Gonzalo e Savic, coadiuvati da una batteria di terzini nessuno dei quali è adeguato probabilmente a giocare a questi livelli, reggono finché possono. Poi, alla seconda occasione sevillana – creata da un centrocampo (nella fattispecie dall’impresentabile Badelj) che non solo non aiuta la difesa ma la mette in difficoltà perdendo sovente palla sulla propria tre quarti – devono soccombere ad un nuovo tiro chirurgico di Vidal, stavolta coadiuvato da una scelta sbagliata di Neto, che si butta a proteggere il palo più lontano ed improbabile.
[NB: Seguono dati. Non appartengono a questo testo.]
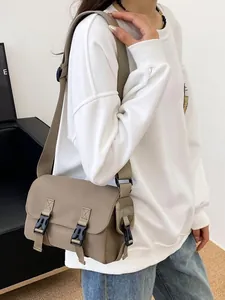 Minimalist khaki messenger bag with double buckle closure and adjustable nylon strap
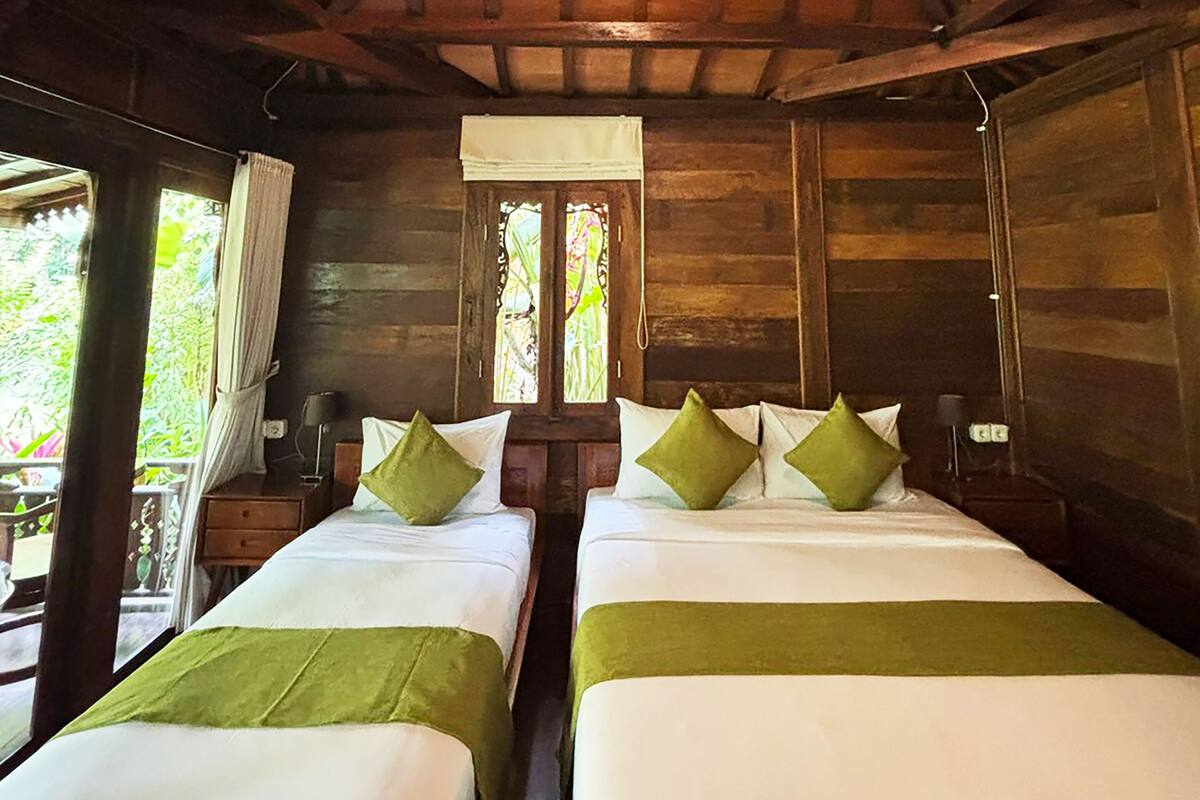 A wooden cabin with two beds, a window, and a ceiling light.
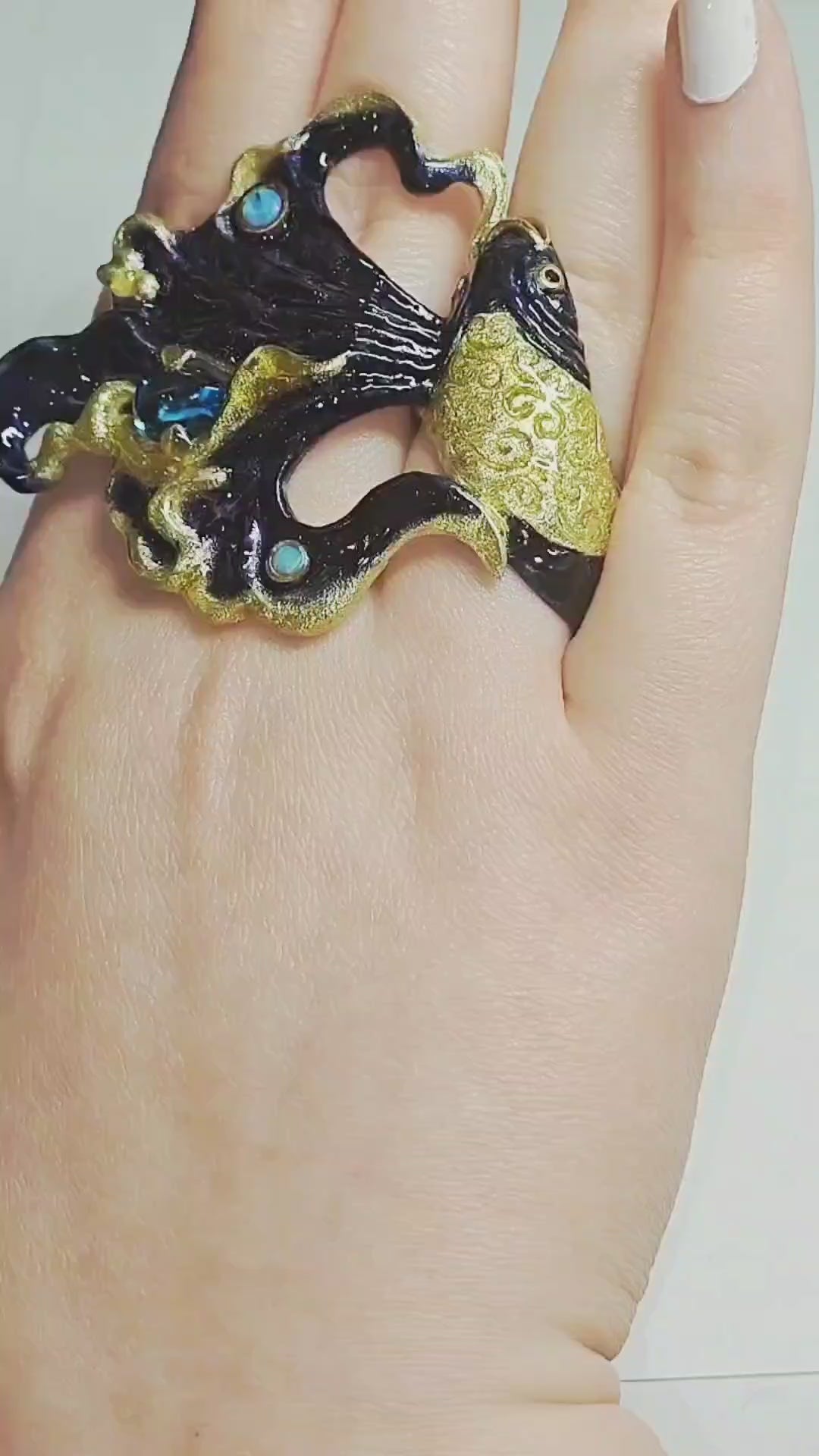 Video showcasing the Ocean Duet ring by Konforti Jewelry, handcrafted in 960 silver with a 3 ct blue topaz, 0.01 ct opal, and Limoges hot-enamel wave artwork inspired by the sea.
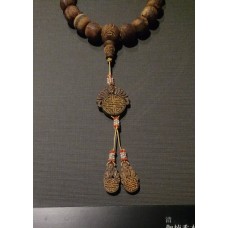 Agarwood bead bracelet, solar cross design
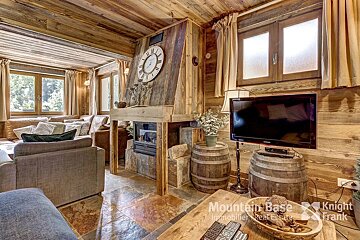A living room with a clock on the wall and a samsung television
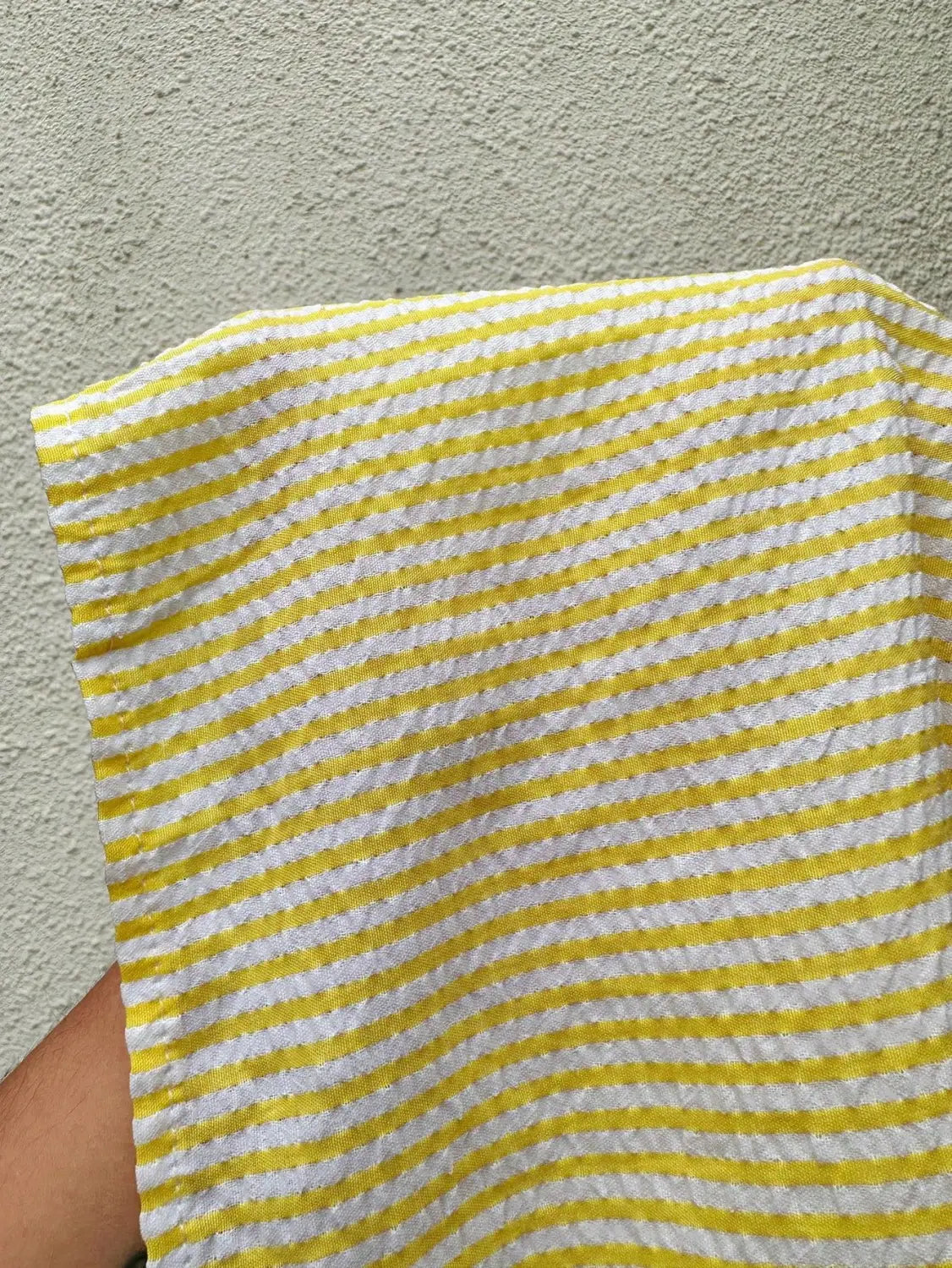 Maxi-jupe à volants rayés jaunes, assortie à un torchon de cuisine tissé à rayures jaunes et blanches.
Sul 2-0 per i padroni di casa, la partita è chiusa, insieme alla stagione di questa Fiorentina. Seguono quaranta minuti di agonia viola, durante i quali c’è solo – francamente – da vergognarsi di come i nostri eroi cedono psicologicamente di schianto e finiscono per farsi irridere dagli spagnoli ormai esaltati come toreri in una delle loro Plazas de Toros. Alla fine i gol sono tre, forse per compiacere – secondo la battuta – il prossimo sponsor. Cambia francamente poco. Una remuntada casalinga di questa Fiorentina a questo Sevilla appare francamente già inverosimile sul 2-0, il terzo gol di Gameiro al termine di una azione da flipper in un’area viola completamente sguarnita di difensori non sposta assolutamente nulla.
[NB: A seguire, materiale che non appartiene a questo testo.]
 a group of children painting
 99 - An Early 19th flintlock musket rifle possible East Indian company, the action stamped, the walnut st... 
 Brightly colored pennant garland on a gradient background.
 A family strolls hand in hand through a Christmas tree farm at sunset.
Avrebbero potuto spostare qualcosa forse i due rigori netti negati ai nostri eroi dall’arbitro tedesco Felix Brych. Del resto, i viola come si è visto nelle ultime uscite segnano – o non segnano – ormai prevalentemente su calcio di rigore o comunque da fermo (magari calciato meglio di quanto sia in grado di fare l’attuale Matias Fernandez). Avrebbero potuto, certo, ma paragonare gli episodi di Sevilla a quelli di Monaco di Baviera del 2010 come fa un Della Valle in vena di arrampicature sugli specchi a fine partita appare francamente eccessivo. Così come appare eccessivo sentir dire a Montella che “abbiamo giocato alla pari”. Per mezz’ora forse sì, poi i veri valori delle due squadre sono inesorabilmente venuti fuori.
Da Andrea della Valle, o chi per lui, vorremmo piuttosto sapere cosa ne sarà della banda viola adesso che la stagione può considerarsi conclusa (in attesa di riprova già domenica prossima ad Empoli) e che anche il ciclo aperto da Pradé e Macia tre anni fa può dirsi giunto al termine. L’anno prossimo ci sono diversi cambiamenti da fare, nei vari ruoli della squadra prima ancora che nello staff tecnico e dirigenziale.
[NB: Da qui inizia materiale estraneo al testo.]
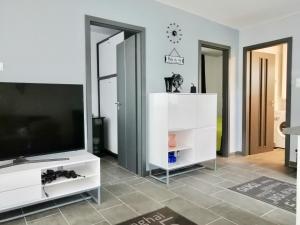 a living room with a tv and a white entertainment center at Sunset Villa in Siófok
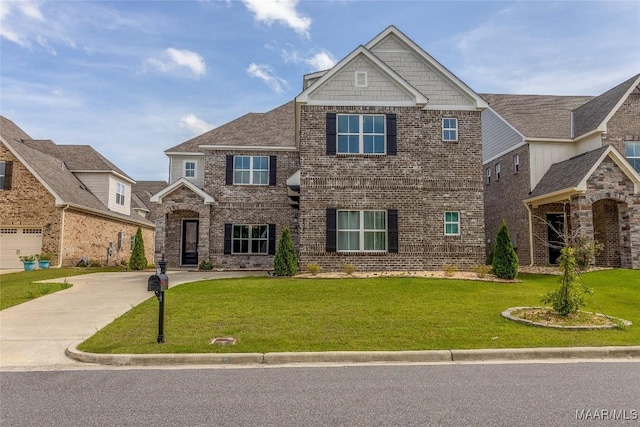 view of front of home with driveway, brick siding, and a front yard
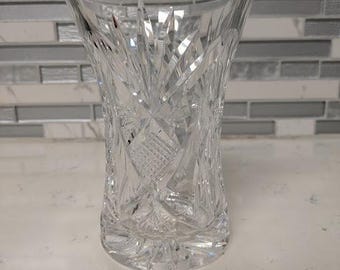 May include: A clear glass vase with a cut glass design. The vase has a wide mouth and a narrow base.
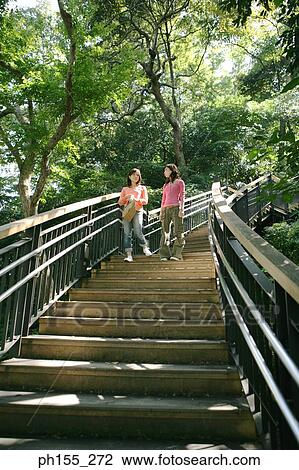 Low angle view of two young women moving down on steps View Large Photo Image Stock Image - Low angle view of two young women moving down on steps. Fotosearch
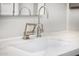 Bathroom sink with sleek brushed silver faucet and stone countertop at 7439 E Beryl Ave, Scottsdale, AZ 85258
Un esempio su tutti, ha ancora senso mantenere al centro dell’attacco un Mario Gomez che per stoppare il pallone rischia di farsi male in una spaccata degna di Heather Parisi? E se proprio ormai si è rinunciato ad Aquilani (ieri tenuto a scaldarsi per buona parte del secondo tempo malgrado non ci fosse alcuna evidente intenzione di impiegarlo a ridare vita ad un centrocampo esangue), c’è l’intenzione di andare sul mercato a cercare qualcuno in grado di stare in mezzo al campo con un po’ più di sostanza rispetto ai figuranti visti all’opera ieri sera?
Per dirne soltanto due, perché le domande sarebbero tante di più, e probabilmente anche ingenerose (nella sostanza e nei toni) se fatte in questo momento di comprensibile – per quanto prevedibile – amarezza. Un ciclo, un progetto sono arrivati al termine, anche se non sono mai stati veramente e compiutamente realizzati. Seguirà come l’altra volta un’epoca di incertezze costellata di personaggi a cui “si spenge la luce” o di schiaffoni tra allenatori e giocatori?
Chi vivrà, vedrà. Intanto è arrivato il caldo, e si sente già profumo di mare. Ite, Missa est. La stagione è finita, andate in pace.